California’s Third District Court of Appeals unanimously (3-0) struck down a state law requiring nursing home workers to use people’s “preferred pronouns.” Prolonged use of someone’s non-preferred pronoun could result in fines of up to $1000 and even a year in prison. The Court quite rightly ruled this a violation of the First Amendment right to free speech.
Rick Chavez Zbur of Equality California blasted the ruling, declaring, “Let’s be clear: refusing to use someone’s correct name and pronouns isn’t an issue of free speech – it’s a hateful act that denies someone their dignity and truth.” I assume Mr/Ms/Whatever Zbur doesn’t see the irony in accusing someone else of being hateful while claiming that applying labels to others that they don’t like isn’t protected free speech. Or that just because someone declares what “their truth” is doesn’t mean that it should be illegal for others to disagree with it. A lot of liberals have no qualms with vehemently disagreeing with what I believe to be Biblical truth.
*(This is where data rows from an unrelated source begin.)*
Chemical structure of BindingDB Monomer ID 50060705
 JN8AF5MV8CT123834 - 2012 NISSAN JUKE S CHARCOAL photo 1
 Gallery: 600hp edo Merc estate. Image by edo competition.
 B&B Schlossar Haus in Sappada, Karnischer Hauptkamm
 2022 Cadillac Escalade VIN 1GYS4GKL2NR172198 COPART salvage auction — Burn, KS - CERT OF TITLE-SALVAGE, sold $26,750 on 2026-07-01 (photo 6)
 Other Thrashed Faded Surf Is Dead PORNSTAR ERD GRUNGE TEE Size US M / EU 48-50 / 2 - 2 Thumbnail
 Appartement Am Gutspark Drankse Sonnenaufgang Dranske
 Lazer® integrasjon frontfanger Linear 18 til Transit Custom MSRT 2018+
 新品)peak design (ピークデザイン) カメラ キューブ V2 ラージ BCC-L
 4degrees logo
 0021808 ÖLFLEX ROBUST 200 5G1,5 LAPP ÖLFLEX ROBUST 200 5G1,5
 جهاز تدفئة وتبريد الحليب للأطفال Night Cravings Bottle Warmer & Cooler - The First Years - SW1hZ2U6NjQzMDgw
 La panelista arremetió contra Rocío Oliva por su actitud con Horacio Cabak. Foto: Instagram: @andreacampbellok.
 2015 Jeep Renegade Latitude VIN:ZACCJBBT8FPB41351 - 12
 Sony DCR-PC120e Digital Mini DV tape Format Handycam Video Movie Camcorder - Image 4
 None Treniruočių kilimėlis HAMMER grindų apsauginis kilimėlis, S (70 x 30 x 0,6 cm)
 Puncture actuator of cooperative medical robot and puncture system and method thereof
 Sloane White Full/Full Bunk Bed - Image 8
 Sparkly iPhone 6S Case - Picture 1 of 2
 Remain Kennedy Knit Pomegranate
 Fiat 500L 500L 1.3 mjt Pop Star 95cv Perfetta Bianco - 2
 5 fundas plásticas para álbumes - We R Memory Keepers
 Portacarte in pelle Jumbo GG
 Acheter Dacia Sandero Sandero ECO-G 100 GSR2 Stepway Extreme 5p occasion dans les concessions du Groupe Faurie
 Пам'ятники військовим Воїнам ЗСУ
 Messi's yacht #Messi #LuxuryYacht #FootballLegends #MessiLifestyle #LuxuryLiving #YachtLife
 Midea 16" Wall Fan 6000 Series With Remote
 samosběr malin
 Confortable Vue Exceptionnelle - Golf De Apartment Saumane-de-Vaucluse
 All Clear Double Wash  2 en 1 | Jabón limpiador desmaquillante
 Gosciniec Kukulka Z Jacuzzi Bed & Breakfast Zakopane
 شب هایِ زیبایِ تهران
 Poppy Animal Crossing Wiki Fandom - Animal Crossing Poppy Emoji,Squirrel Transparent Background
The bill’s author, Sen. Scott Wiener (I’ll risk prison by assuming Scott is a “he”) of San Francisco, of course, railed, “The court’s decision is disconnected from the reality facing transgender people” and vowed to get it overturned on appeal. I’d say that if he thinks the Supreme Court is going to uphold that law, he’s the one who’s disconnected from reality, which seems to be a chronic condition among California legislators.